Consideration of Pacific Cod movement in the eastern Bering Sea is important to stock assessment. Two critical reasons for this are to (1) better estimate model parameters and (2) better understand the role of cod at the ecosystem level as stock assessment evolves toward ecosystem management as well as single-species management. The inclusion of spatial components in management strategies would improve our understanding of cod movement, and thus parameters in stock assessment models may also be improved. Mark—recapture data from a well-designed movement estimation experiment would, as a by-product, allow parameters such as natural mortality or size-dependent selectivity to be estimated.

Movement estimates are not generally incorporated into stock assessments currently conducted at the AFSC. There are 22 federally managed stocks or stock assemblages in the eastern Bering Sea. Seasonal movement is considered only when area-specific catch allocations are made (Jim Ianelli, AFSC, personal communication). Such allocations are typically based on survey data and, in a few instances, information on movement rates as determined from tagging (e.g.. Pacific Cod and Sablefish Anoplopoma fimbria) (Hanselman et al. 2012; Thompson and Lauth 2012). Specifically, the Pacific Cod stock assessment considers availability and selectivity from the NMFS bottom-trawl survey in its estimates of catchability and selectivity (Nichol et al. 2007). For lack of adequate data, movement of cod within the Bering Sea is acknowledged but not formally incorporated into the models, and possible movement between the Bering Sea and Aleutian Islands or the Gulf of Alaska is assumed to be negligible.

In addition to single-species stock assessment, estimating Pacific Cod movement within the framework of life history strategies can further identify the role of cod in the ecosystem. The importance of understanding Pacific Cod movement patterns is pronounced in the debate over impacts of commercial fishing on other predators, including the endangered Steller sea lion Eumetopius jubatus (NRC 2003). While the overall rate of Pacific Cod harvest from the Bering Sea is believed to be low enough not to cause reductions in sea lion foraging success, concerns have been raised about transient local effects on prey density in the immediate vicinity of sea lion rookeries (Ferrero and Fritz 1994). A recent study showed an increase in the frequency of occurrence of Pacific Cod in the diets of Steller sea lions between the eastern Aleutian Islands and western Gulf of Alaska over the last decade, especially in the winter diets (Sinclair et al. 2013). The effect of fishery removals on local prey densities cannot be evaluated without some knowledge of the temporal and spatial scales of fish movement.
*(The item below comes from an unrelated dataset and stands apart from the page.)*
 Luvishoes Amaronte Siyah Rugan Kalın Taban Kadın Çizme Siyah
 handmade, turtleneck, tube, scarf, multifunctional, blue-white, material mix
The large movements of tagged Pacific Cod seen in this study indicate that, while cod may form dense, small-scale, spatial aggregations during the spawning season, not all cod disperse across the Bering Sea or remain in the spawning area.

Proper estimation of seasonal movement of Pacific Cod in the Bering Sea seems both important but lacking. Simple mark-recapture techniques may be applicable to this species in this large marine ecosystem, because the assumption of a closed population may well be defensible. A well-designed mark-recapture study will require properly defined geographic strata, properly defined seasons, seasonally synoptic releases of tag groups throughout all strata, and seasonally synoptic recovery events (Anganuzzi et al. 1994). Definitions of “proper” strata and seasons must incorporate biological processes (e.g., spawning, foraging, and moving) and be tractable under logistical constraints on research activities. Patterns of seasonal movement would be integral to defining strata and seasons. Currently, Pacific Cod are considered to be successfully managed as a single stock in the Bering Sea, but it is also true that we know little about many aspects of cod life history, including movement. Our research suggests that the incorporation of seasonal distribution, seasonal movement patterns, biological processes, and the interaction with the local, intense fishery on a population of spawning fish is important and should be considered in the management of this species.